# Toro 826 circa 1980. Briggs Engines 190402-0989 Fuel line size?



## Rich Speers (Jan 20, 2017)

From what I can tell the inner diameter on these Briggs engines is 1/4. I am seeing different out diameters though. I have two engines that don't run. Both outer diameters are different but both seem to have inner diameters of 1/4. Wondering what the "stock" outer diameter is or doesn't it make a difference as long as the inner is 1/4? Need to replace these gunky fuel lines.

Thanks for the help everybody.

Rich


----------



## Yanmar Ronin (Jan 31, 2015)

As long as the OD fits through everywhere it needs to it's not a concern. Match ID, bingo.


----------



## deezlfan (Nov 8, 2017)

Generally speaking there are two 1/4"id lines, one with 7/16"od and the other 1/2"od.
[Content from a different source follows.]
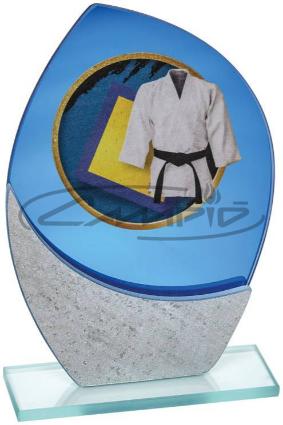 TROFEOS DEPORTIVOS W1126FT658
Most auto parts stores only stock the 1/2" size so you usually need to find a small engine shop to find the smaller 7/16". Buy the smaller size and you will be all set to repair either engine.


----------



## JLawrence08648 (Jan 15, 2017)

Above, 1/4" ID, 7/16" OD, it can be difficult to put the 1/2" OD fuel line through where you want to. Buy braided black fuel line, not tubular hose.


----------



## JayzAuto1 (Jul 25, 2016)

Small engines use the 7/16" line, from the factory. It will fit behind the flywheel and engine cover. That helps it from freezing. If you obtain and install the 7/16" line, it can be done without stripping down the engine. It will slide thru

GLuck. Jay


----------



## JLawrence08648 (Jan 15, 2017)

To change the hose, put a wooden dowel or a piece of threaded rod in each end of the hose and feed the old hose out, feed the new hose in.


----------



## Oneacer (Jan 3, 2011)

Many times, replacing a fuel line is usually on a machine someone picked up, and refurbishing, and usually been stored in a shed or outside.

Chances are you will want to clean out all the mice remnants from under the cowl pull cover, as well as inspect in there anyways, and usually the primer hose is shot as well, as that is only flimsy like a windshield washer hose.


----------



## cpchriste (Jan 19, 2014)

Rich Speers said:


> Wondering what the "stock" outer diameter is or doesn't it make a difference as long as the inner is 1/4?


Since the supply on these old Briggs runs in open air around the front of the engine the OD doesnt matter. Tecumseh would need the small OD to run between the flywheel and block gaps.


----------



## Rich Speers (Jan 20, 2017)

Thanks for the great tips everybody. I'll start on it tomorrow.


----------



## UNDERTAKER (Dec 30, 2013)

1/4 Inch ID Fuel Line The Black Rubber Hose Kind Is What You Need.


----------